Climate change will only exacerbate underlying inequalities.

by Sonali Kolhatkar, Resilience

As temperatures soar in the United States this summer, some among us are lucky enough to be able to remain in air-conditioned interior spaces, ordering food, groceries, clothing, and other products to be delivered to us. The rest, toiling in the extreme heat to pull products off hot warehouse shelves and drop them off curbside in scorching delivery trucks, are risking health and even life. July 2023 marked the planet’s hottest month on record.

In San Bernardino, California, where retail giant Amazon has a massive warehouse and fulfillment center, daily temperatures reached triple digits for the majority of days in July and have been dangerously hot all summer. Workers with the Inland Empire Amazon Workers United (IEAWU) protested the dangerous conditions and complained to CAL-OSHA, the state’s Division of Occupational Safety and Health. One worker, Daniel Rivera, told Fox11, “Amazon’s main focus is production. Safety is not the priority until it’s too late.”

A builder cooling down with cold water during heat wave.

What we are witnessing with such increasingly common instances is capitalism-induced climate change intersecting with capitalism-induced labor exploitation. It’s a deadly combination and one that is being discussed in ways that obscure its causes and solutions.

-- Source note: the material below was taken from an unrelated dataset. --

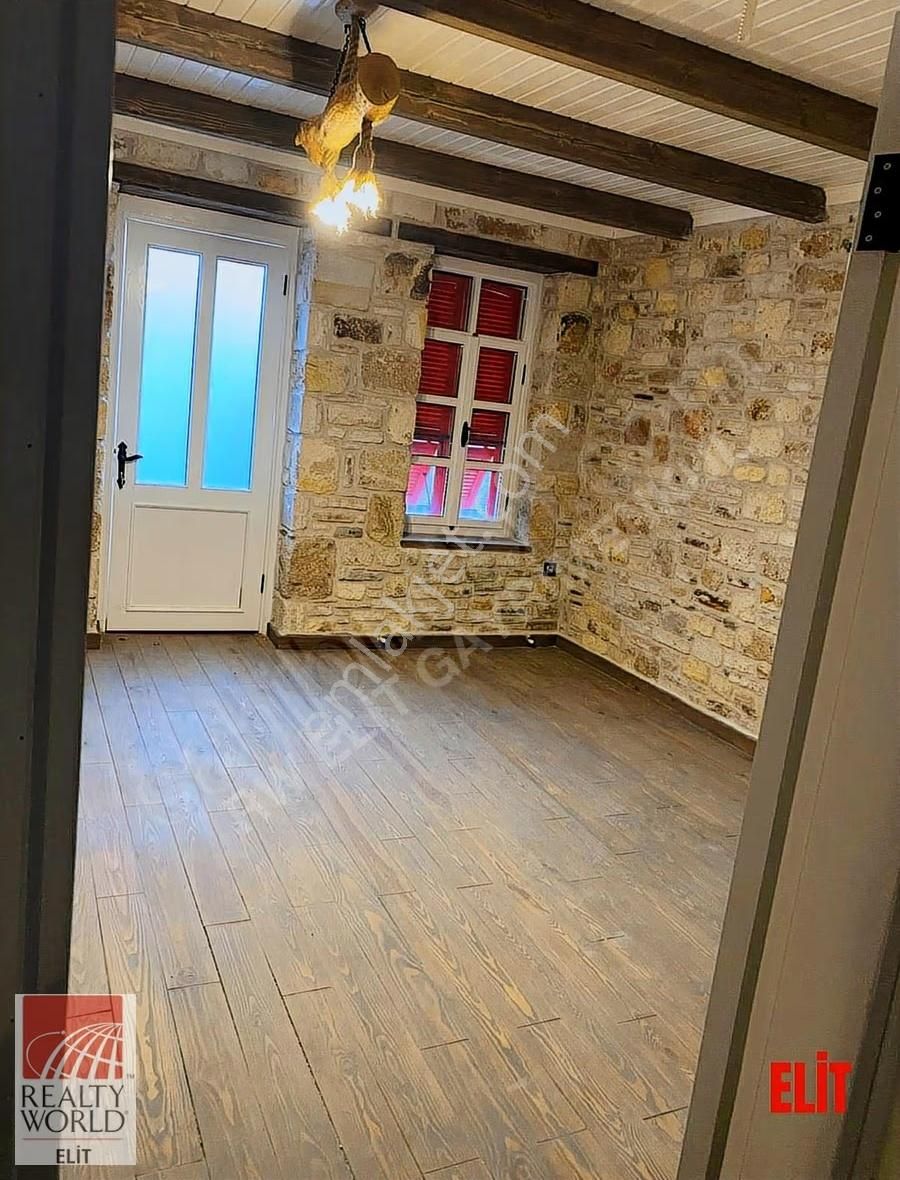 Yeni Foça'da Tarihi Dokunun Zarafetiyle Buluşan Özel Taş Villa - Görsel 8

Take the corporate media, whose coverage has focused on the pro-business buzzword of “productivity.” CBS worried in an August 1, 2023 story, “How Hot Weather Affects Worker Productivity—and What That Means for the Economy.” The New York Times similarly lamented in a July 31, 2023 headline, that “Heat Is Costing the U.S. Economy Billions in Lost Productivity.” The cost to the economy (a euphemism for stock values and profit margins) is the bottom line—not the safety and health of human beings. Therefore, it matters a great deal that, as per the Times, “more than 2.5 billion hours of labor in the U.S. agriculture, construction, manufacturing, and service sectors were lost to heat exposure.”